Students from Pre-K to 8th grade gathered around the hydroponic garden to learn how it worked and even got to taste some herbs. Teachers are nearing the end of their training and will soon be able to begin the new curriculum that New York Sun Works has provided.
“We do have a curriculum team that provides the teachers with the curriculum,” Karolina Sawicka, from New York Sun Works said. “Whether they [the teachers] want to use it or not or use it as inspiration to what they want to incorporate into their classrooms. We give the teachers all the tools and support them along the way.”
“The students are so excited for today,” Christina Scano, Founder/Lead Person at John P Holland said. “It never hit me that these students didn’t realize where some foods came from until now, which is amazing.”
New York Sun Works is a third party working with a variety of schools throughout New York City and New Jersey.
“We just built this whole classroom this year as part of the greenhouse project that we started 10 years ago,” Sawicka said. “We just want to bring STEM to kids, whatever age they are.”

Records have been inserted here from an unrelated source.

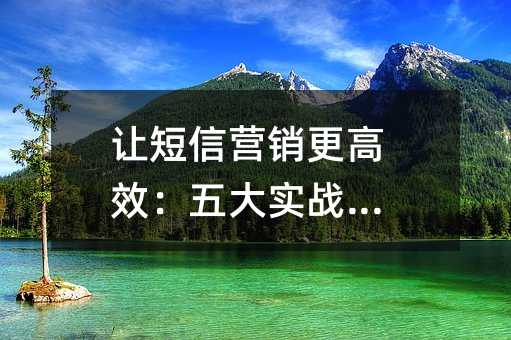 让短信营销更高效:五大实战要点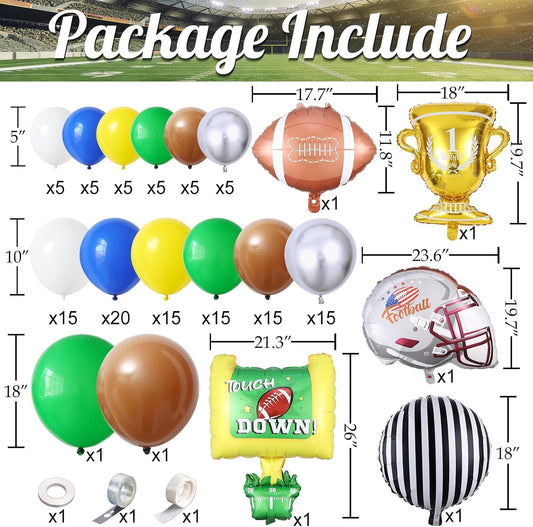Football Balloon Arch Kit,135Pcs Yellow Royal Blue Silver Balloon Garland with Football,Helmet,Goal Post,Trophy Foil Balloons for Sports Rugby Birthday Big Game Touch Down Tailgate Party Decoration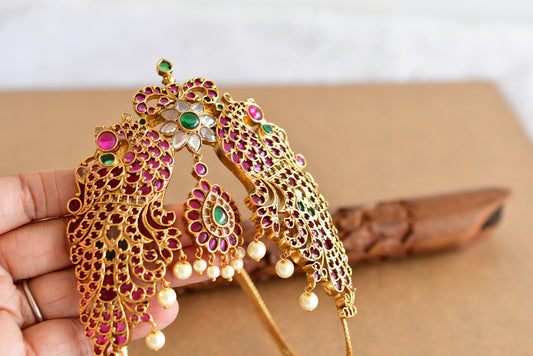 Matte finish kemp-green pearl peacock flower bridal vanki/bajuband dj-51970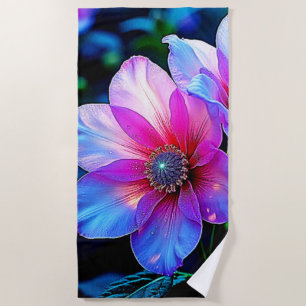 Neon Bloom Flower Magic Glow Design Beach Towel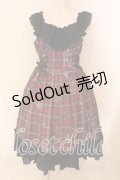 NIBBLE POISON / ナイトメアチェックワンピース M ワイン O-26-01-05-011-0-OP-OW-OS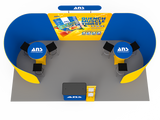 2小間 展示会ブース BOOTH-09｜半円壁面2枚＋中央ヘッダー付き壁面（カウンター・カクテルテーブル2台）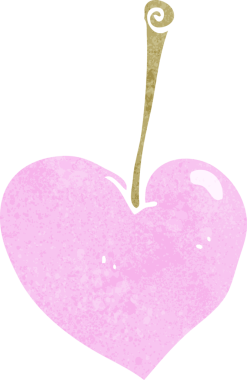 Bir insan tarafından çizilmiş karikatür kalp kirazı.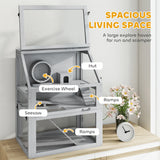 PawHut Wooden Hamster Cage with Detachable 32cm Deep Bottom, Hut, Seesaw, Exercise Wheel, Ramp, 60 x 40 x 75cm, Light Grey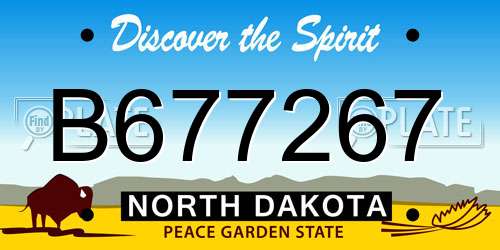 B677267 North Dakota License Plate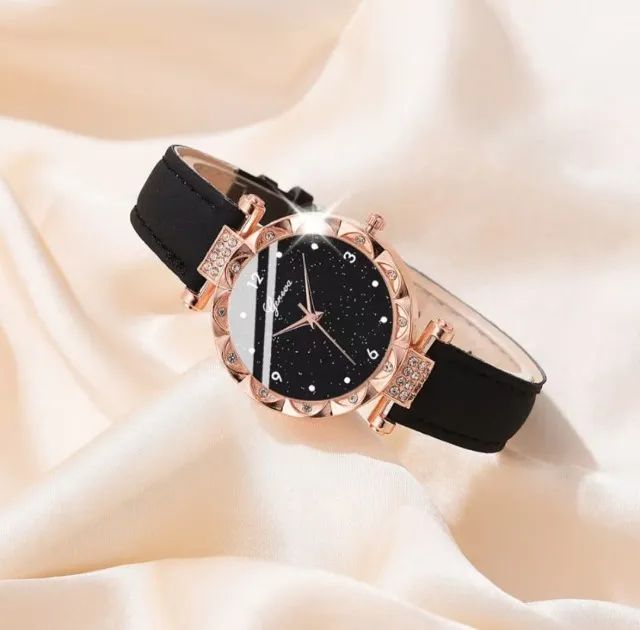 Anel Colar Brincos e Relógio Tudo Combinando Dourado com Preto - Foto 2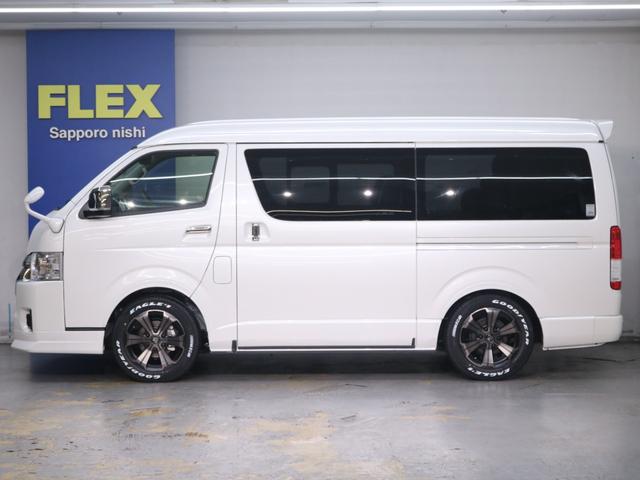 ハイエースワゴン ＧＬ　ＦＬＥＸ　Ｖｅｒ１内装ナビ・フリップダウンモニターＦＬＥＸオリジナル　内装架装Ｖｅｒ．１ＦＬＥＸオリジナル　１．５ｉｎローダウン玄武　前後バンプストップ１７ｉｎ　バルベロアーバン　アルミホイール（37枚目）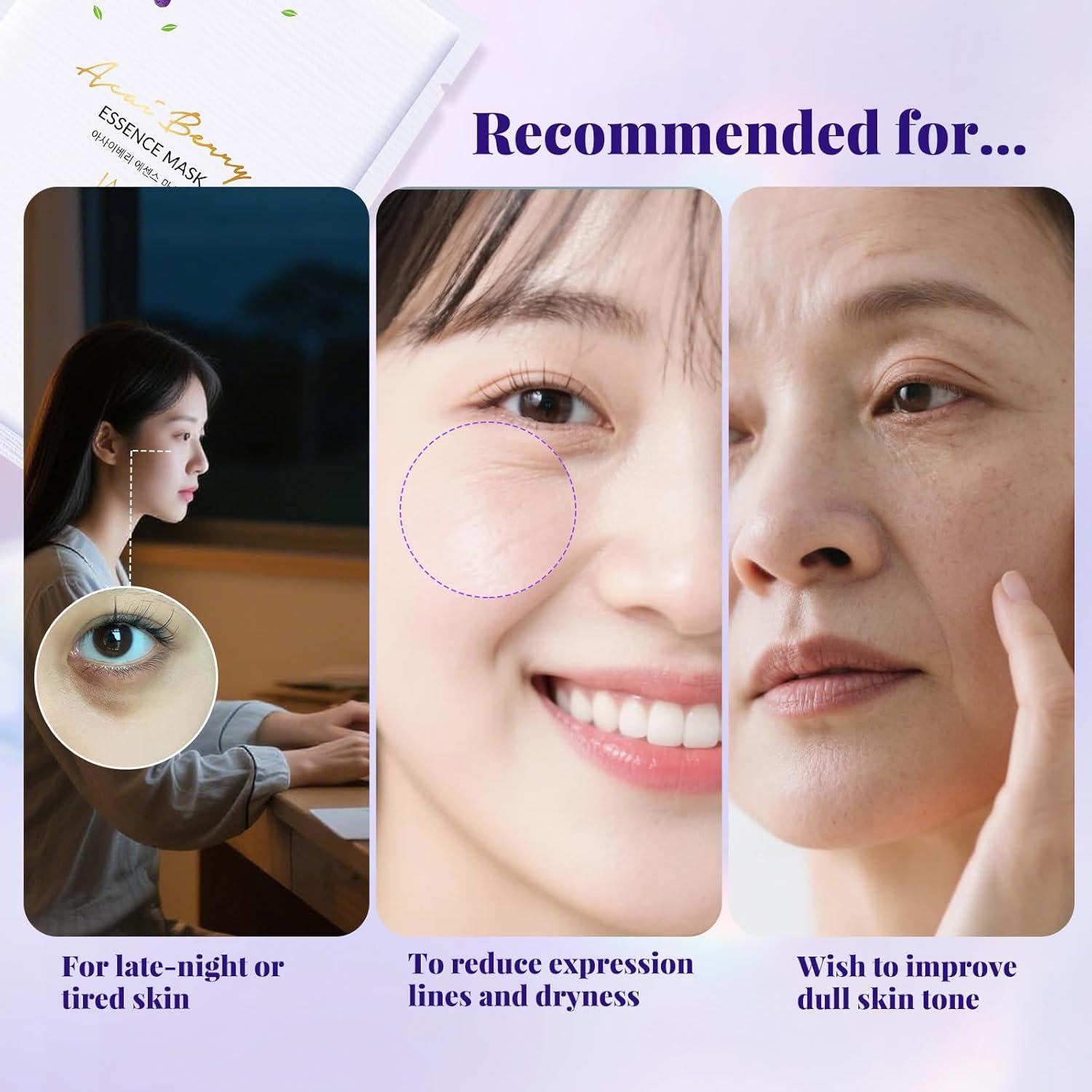 Máscara Hidratante Acai Berry JAAN - Set de 10 Piezas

The program provides the classes with the systems and the teachers with knowledge on how to take care of the systems. This knowledge includes how to take care of the plants and diagnose any fungal infections and bacterial infections/pests.
Trainers also teach teachers how to handle any mishaps such as leaks, adjusting the reservoirs for the plants benefits and so on.
“I’m most excited about all the implications,” Neril Sandeep, 5th-8th grade science teacher said. “To me, as a science teacher, I’m always caring about the application. Whether it’s about the community driven stuff, being able to potentially reach out to vendors and have them maybe do a sample for them so that they can think about hydroponics in their restaurant or their facilities.”
Sandeep told his students to keep the pumpkin seeds from their pumpkins so they can grow more with the hydroponic garden for next fall.
“We can already find ways to get kids involved,” Sandeep said. “It’s understanding that full circle of life.”
The School’s goal is for students to learn why hydroponics are so meaningful and inspire them to go into food production in the future or broaden their choices when it comes to food.
“The kids will also be bringing this home to their families, so if their more interested in eating vegetables at school, they might request to eat it at home and tell their parents to buy it,” Sawicka said.
“I’m really excited about the garden,” Brianna, a 4th grade student said. “I’m excited that we’ll be able to grow our own stuff.”
In the future, Brianna hopes to be able to grow more than just herbs and flowers. She would like to grow some of her favorite fruits and vegetables like tomatoes and cucumbers.
While this was mainly a trial run for teachers during their training, students will begin to grow their own herbs and flowers soon and will be able to harvest and bring them home in the Spring.